1929'da hastalandığı zaman, ülkenin dört bir yanından onu görmeye gelenlere şöyle demişti, Mustafa Kemal..
"Beni görmek demek, behemehal yüzümü görmek değildir.
Benim fikirlerimi, benim duygularımı anlıyorsanız ve hissediyorsanız bu yeterlidir." 1933, 29 Ekiminde, ülkesi, milleti ve cumhuriyeti için duygularını şöyle haykırmıştı..
"Yurdumuzu, dünyanın en mamur ve en medenî memleketleri seviyesine çıkaracağız.

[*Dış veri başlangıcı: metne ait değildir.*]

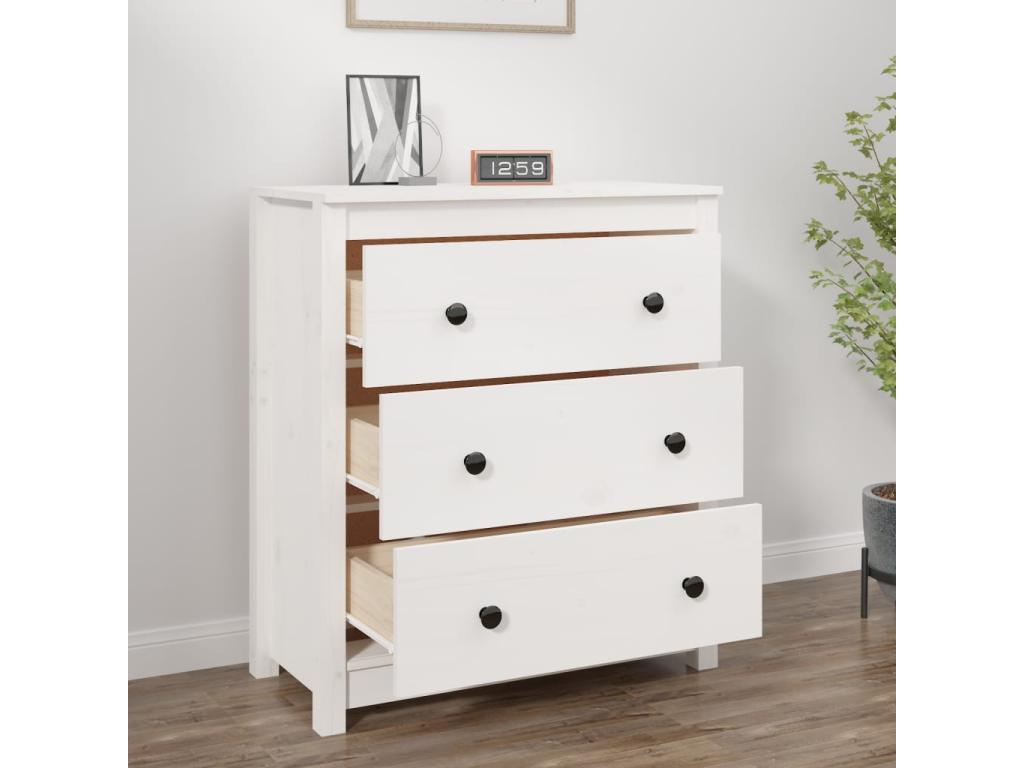 Buffet en bois massif blanc, 70 x 35 x 80 cm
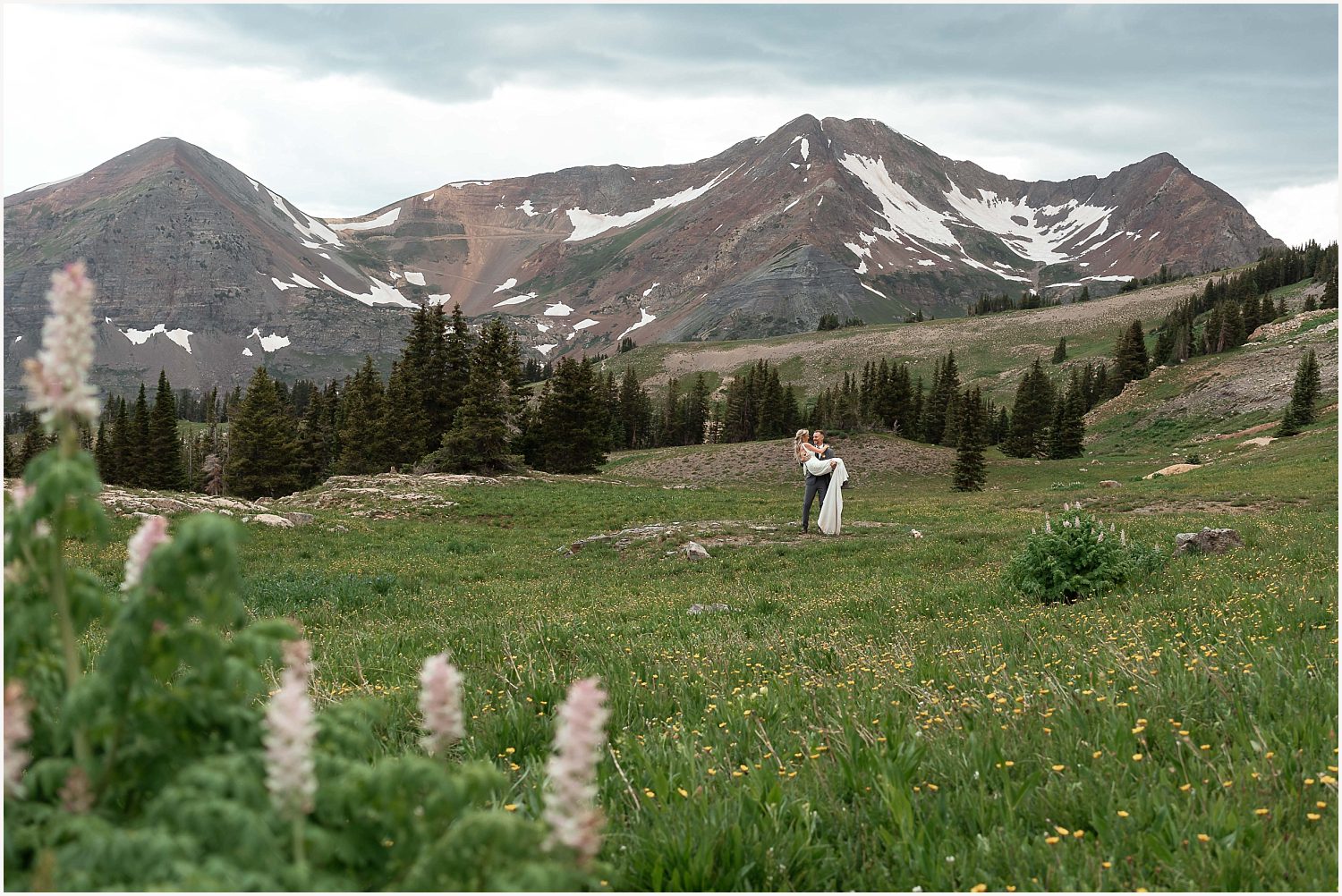 First dance in a forest clearing as part of their intimate elopement celebration.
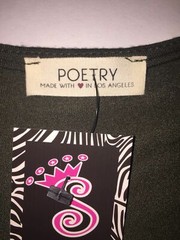 Poetry Asymmetrical Mini Wrap Dress Olive Green Stretch Soft V Neck Vintage New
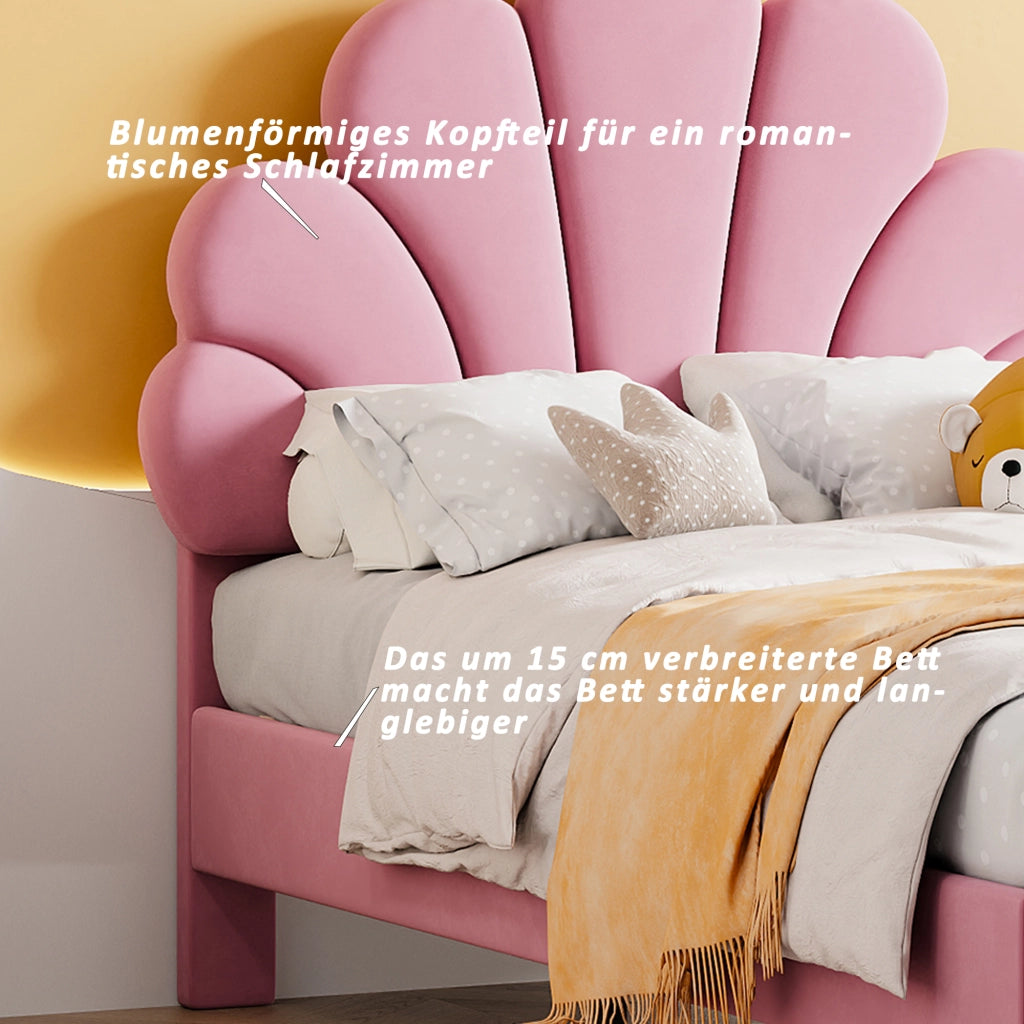 DESMIU Letto Singolo 1 Posto con Testiera Floreale, 90 × 200 cm, senza materasso, Imbottito, Rosa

Milletimizi, en geniş, refah, vasıta ve kaynaklarına sahip kılacağız.
Millî kültürümüzü, muasır medeniyet seviyesinin üstüne çıkaracağız.
Bunun için, bizce zaman ölçüsü, geçmiş asırların gevşetici zihniyetine göre değil, asrımızın sürat ve hareket mefhumuna göre düşünülmelidir.
Geçen zamana nispetle daha çok çalışacağız, daha az zamanda daha büyük işler başaracağız.
Bunda da muvaffak olacağımıza şüphem yoktur." Hem de öyle şüphesi yoktu ki..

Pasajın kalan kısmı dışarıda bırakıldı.